Russie : Pogrome à Moscou17/10/20132013Journal/medias/journalnumero/images/2013/10/une2359.jpg.445x577_q85_box-0%2C104%2C1383%2C1896_crop_detail.jpg

Dans le monde

Russie : Pogrome à Moscou

C'est dans un quartier excentré du sud de Moscou, Birioulevo, une banlieue dortoir appauvrie comme il en existe beaucoup dans les grandes agglomérations de Russie, qu'un pogrome a eu lieu le 13 octobre.

Un homme, russe, y ayant été poignardé, la rumeur a désigné un suspect caucasien. La foule, regroupant près d'un millier de personnes, parmi lesquelles des nationalistes, se mit à saccager un entrepôt de fruits, tenu par des Caucasiens, où travaille le présumé meurtrier. Au passage, des émeutiers ont tabassé les présents au visage pas assez slave à leur goût.

En Russie, chaque jour, des hommes tuent ou sont tués à coups de couteau sous l'emprise de l'alcool. De tels crimes se produisant toutes les trois heures, jamais la presse n'en fait état tant c'est devenu banal. Et puis, cela reflète trop la misère sociale et morale qui frappe les classes populaires de Russie pour l'étaler au grand jour.

Mais, aux mêmes causes les mêmes effets, d'autres pogromes anti-caucasiens ont déjà embrasé des villes de province, telle Kondopoga en 2006, voire le centre de Moscou. À chaque fois, les autorités laissent faire les émeutiers. Et quand la police procède à des arrestations, elle s'en prend d'abord aux victimes, des migrants souvent en situation irrégulière.

Les autorités ont aussi l'habitude de nier le caractère raciste de ces émeutes de pauvres s'attaquant à plus pauvres qu'eux. Ainsi, ce directeur du Bureau fédéral russe des migrations qui a déclaré : « Dans le crime de Birioulevo, ni la citoyenneté, ni les nationalistes n'ont joué un rôle, et il n'y avait pas matière à cela. »
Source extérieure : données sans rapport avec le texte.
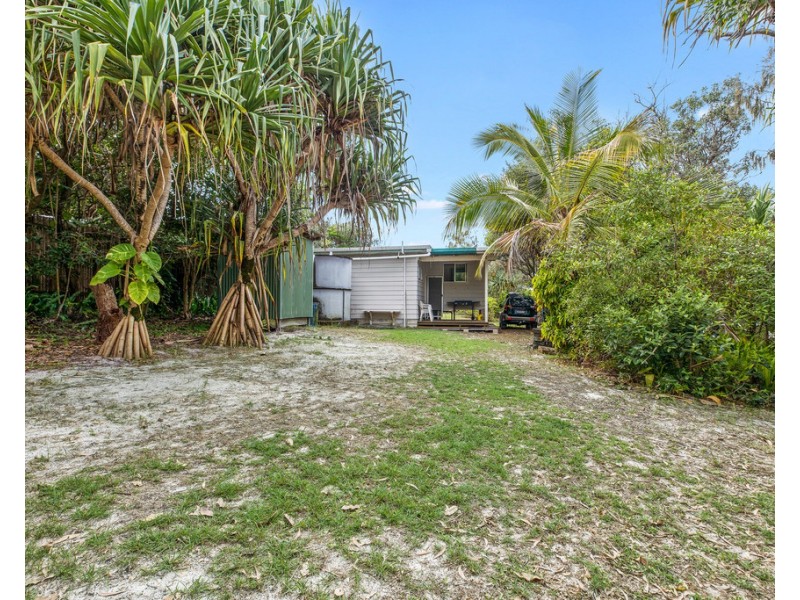 20 Esplanade, Noosa North Shore QLD 4565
Bref : circulez, il n'y a rien à voir. Pourtant, ce que l'on voit, ce sont les groupes d'extrême droite qui paradent dans les rues, les stades, sur Internet, répandant la haine raciale. Ils forment des organisations officielles de lutte contre l'immigration – et peu leur importe qu'elle soit le fait de gens venus d'autres États de l'ex-URSS ou de régions de Russie à la population majoritairement non-slave. Ils menacent ces « étrangers » de la « colère russe », attaquent des foyers de migrants employés aux besognes les plus dures et les plus mal payées, dans le bâtiment, la voierie, sur les marchés.

Jamais, ou presque, ces criminels ne sont poursuivis. Et pour cause ! Le pouvoir et l'Église orthodoxe associent souvent ces groupes à leurs manifestations patriotiques ou campagnes contre la « propagande homosexuelle ». Et puis, outre les liens étroits des services de police avec l'extrême droite, celle-ci ne peut que profiter de la débauche de discours patriotards et de dénonciations à tout propos de la « main de l'étranger » à laquelle se livre le Kremlin depuis l'arrivée de Poutine au pouvoir en 2000.

Les dirigeants russes savent quelle haine la population nourrit contre ceux qu'elle voit comme des profiteurs de son malheur, des nantis, des voleurs protégés par la police. Les propriétaires du centre de stockage de fruits de Birioulevo ont de grosses voitures, ni plus ni moins que tous les parvenus du pays ; la police prélève sa dîme pour couvrir leurs trafics ; mais, comme ils ont une origine caucasienne, la police peut laisser vandaliser leur entrepôt, après avoir indiqué que le présumé meurtrier y travaillait !

Pour le Kremlin, si la « colère populaire » doit éclater – c'est ce qu'évoque « pogrome » en russe – autant l'écarter des possédants et des privilégiés en lui désignant des boucs émissaires. Le tsarisme procédait déjà de la sorte quand sa police organisait des pogromes meurtriers contre les populations juives au début du 20e siècle.

Poutine, grand admirateur du passé tsariste, soûle la population de discours patriotiques, dans l'espoir que le poison xénophobe et chauvin lui fera oublier que c'est au pouvoir, et sous son aile, que se trouvent ses oppresseurs et ses exploiteurs.